# Supplied material:
══════════════════════════════

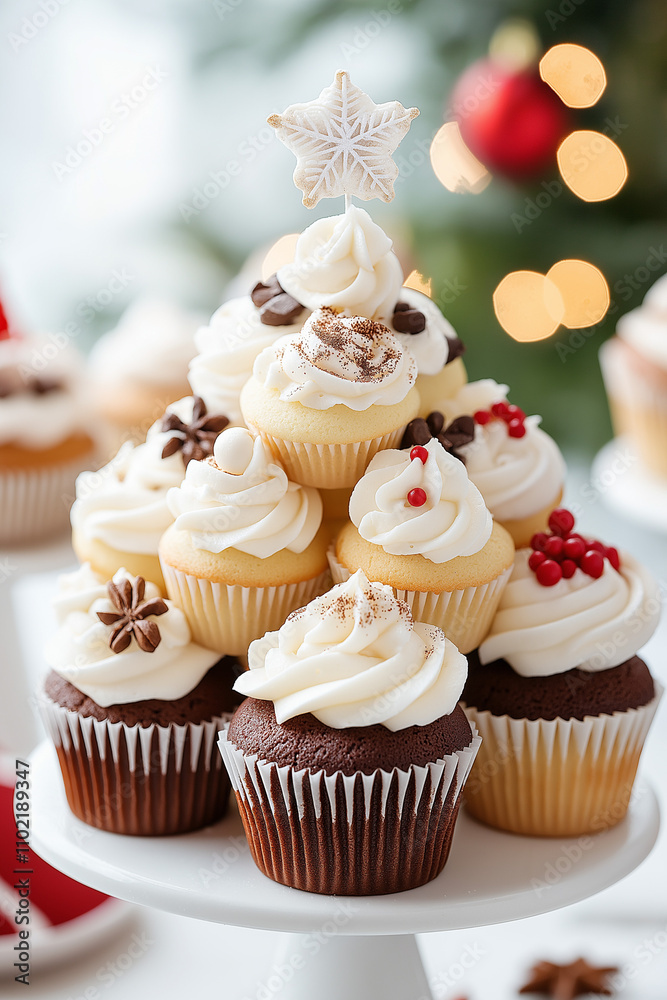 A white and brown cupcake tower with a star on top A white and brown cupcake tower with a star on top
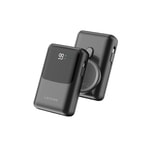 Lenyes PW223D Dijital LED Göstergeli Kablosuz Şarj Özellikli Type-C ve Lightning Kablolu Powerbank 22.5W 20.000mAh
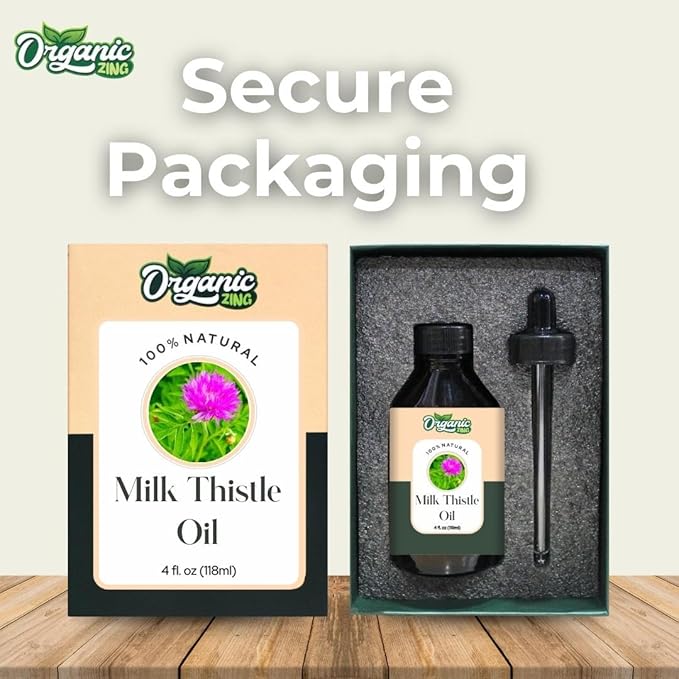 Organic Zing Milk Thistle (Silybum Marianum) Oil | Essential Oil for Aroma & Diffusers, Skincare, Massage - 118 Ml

══════════════════════════════

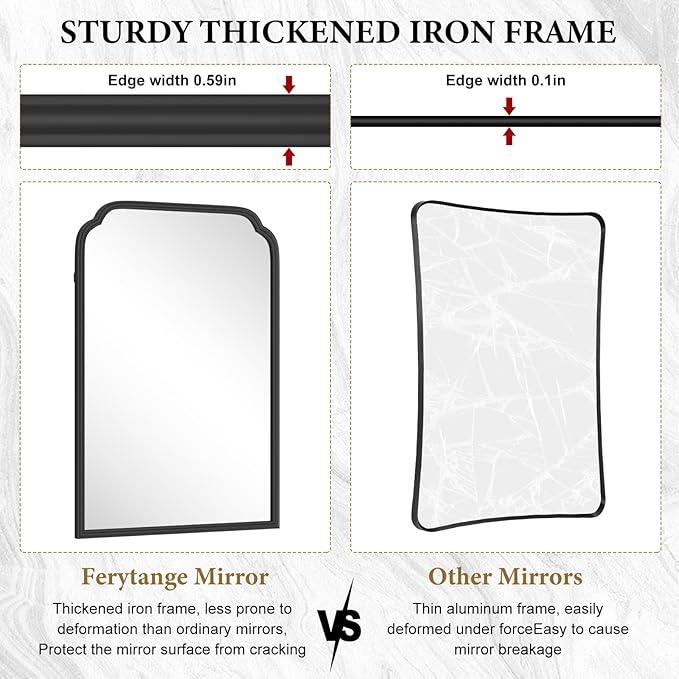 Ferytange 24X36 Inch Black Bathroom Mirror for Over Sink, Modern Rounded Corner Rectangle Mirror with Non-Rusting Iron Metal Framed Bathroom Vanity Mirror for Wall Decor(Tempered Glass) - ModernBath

══════════════════════════════

# Prompt:
Look above for the line containing "top A white" and the line containing "Lenyes PW223D Dijital", then reproduce both and everything between them exactly, pictures omitted.

# Answer:
 A white and brown cupcake tower with a star on top A white and brown cupcake tower with a star on top
 Lenyes PW223D Dijital LED Göstergeli Kablosuz Şarj Özellikli Type-C ve Lightning Kablolu Powerbank 22.5W 20.000mAh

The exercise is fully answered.